How do you pronounce "lawyer"?

I say LOY-er. Of course I’m from Calgry.

None of the above. I pronounce it loy-yer. I live in Central Florida but grew up outside Philadelphia, and I lived outside NYC for about 9 years as well.

Not to throw too much of a wet blanket on this, but people are typically horrible at accurately reporting what they actually say. It’s a form of the observer effect: The moment you know you’re listening for specific phonemes, you slow down and form them unnaturally relative to your normal speaking voice. That, and relatively few people can adequately describe the various phonemes in the first place, and it’s always more difficult to find something if you can’t adequately characterize it.

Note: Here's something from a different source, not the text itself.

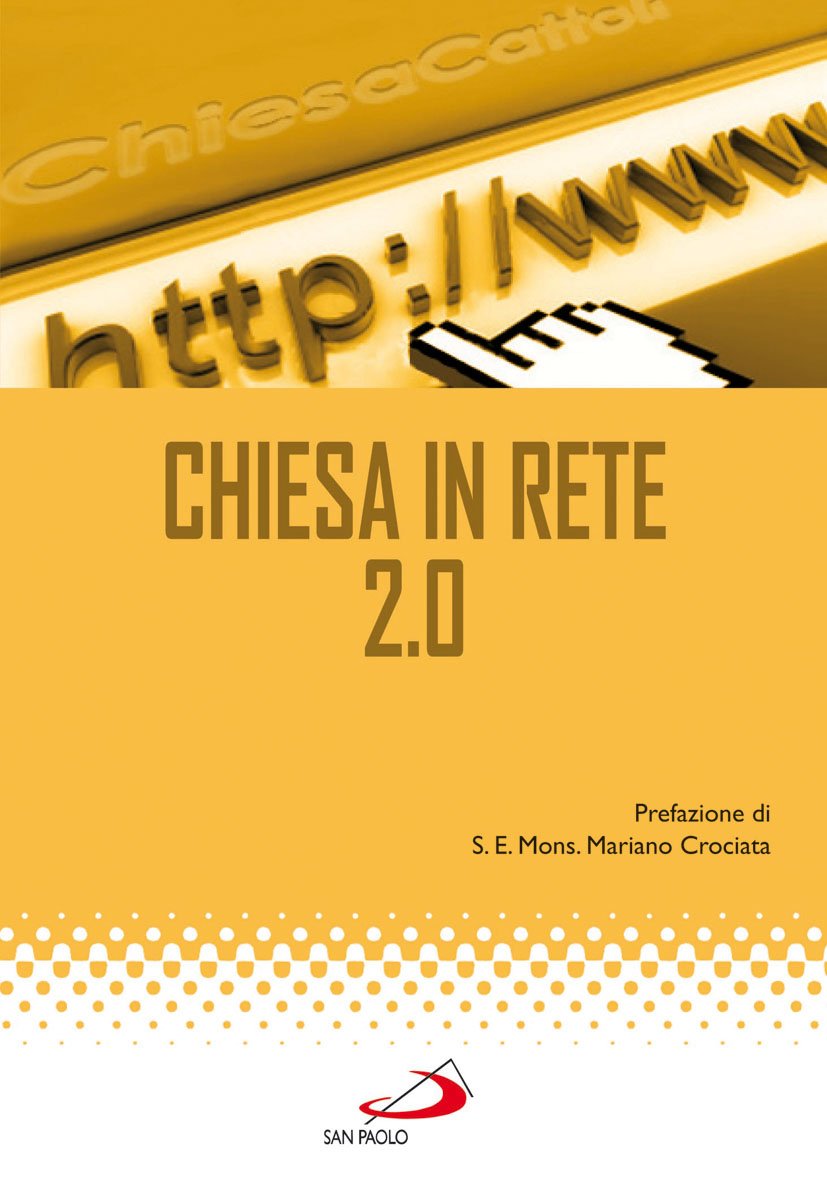 Chiesa in rete 2.0. Atti del Convegno nazionale (Roma, 19-20 gennaio 2009) (Teologia e cultura religiosa, Band 69) Computer Science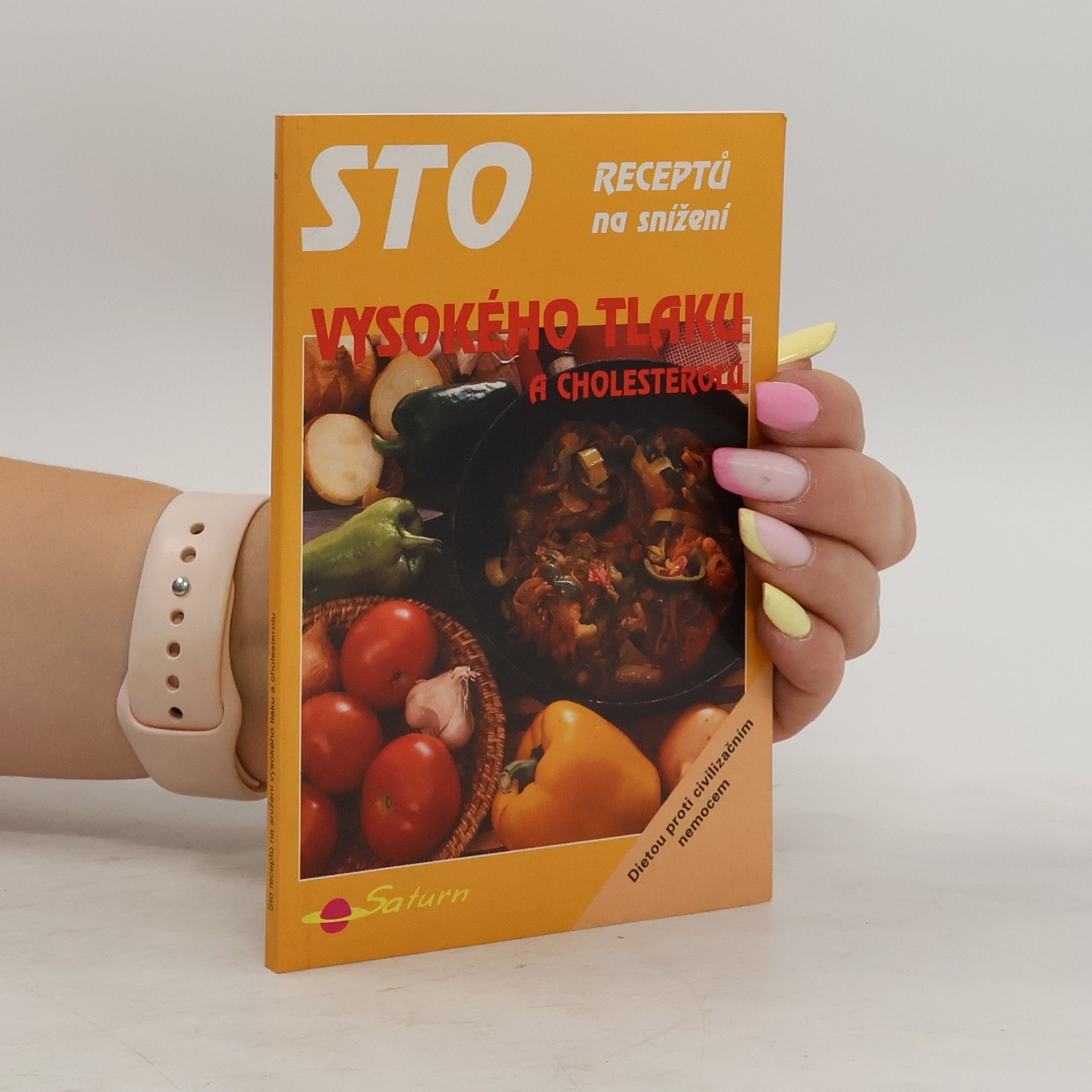 Libuše Vlachová Sto receptů na snížení vysokého tlaku a cholesterolu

Right. I think this a lot about these pronunciation threads, where people attempt to depict the sounds with plain letters and capitalization. I’ve thought and talked a lot about speech and accents before, but almost entirely in person.

I’m certain that the people reading this thread don’t all have precisely the same sounds in mind for each of these choices.

It would be nice if we all knew IPA, I guess.

The link to the pronunciation recordings was supposed to help with that.

Ah–I forgot you’d done that.

Neither of those sounds close to right for me–but I had checked “LAW-yer” because that’s what I think I’m saying.

My brother in law is a lawyer. I pronounce it “slimeball”.

loix-yur

I picked “LOY-er” but it’s more like loy-yer.

I say law-yer, and interestingly (or not :)), my name is Laura. And yes, it matters to me how it’s pronounced. NOT that I say anything if someone pronounces it incorrectly, but when someone says it right, I do say “thank you”.

UK too, and I say “law-yer” and “saw-yer”.

So what’s correct? Lah-ra? Lorra?

LOY-er. It seems like you have to do verbal gymnastics to say it any other way.

LAW-yer.

Also, SAW-yer and NYE-ther.
ETA: My dad used to say, ‘EE-ther is OK, but EYE-ther is correct.’

.

Ha! I was in a community theater production many years ago, one of the lines required me to saw “lawyer.” The director told me when I said it, that my California accent made it sound like “liar.” So I started pronouncing it “loy-er” and it’s been that way ever since.

Dude! Californian’s don’t have accents! :stuck_out_tongue:

jsgoddess, is this another one of those words that your sweetie can’t pronounce? :dubious:

:stuck_out_tongue:
I say “law-eh-yuh” as any good southern girl should. Three syllables and all that. The “law” part is similar to the “aw” in “y’all”.

He pronounces it WRONG, but I didn’t know how he pronounced it* before starting the poll.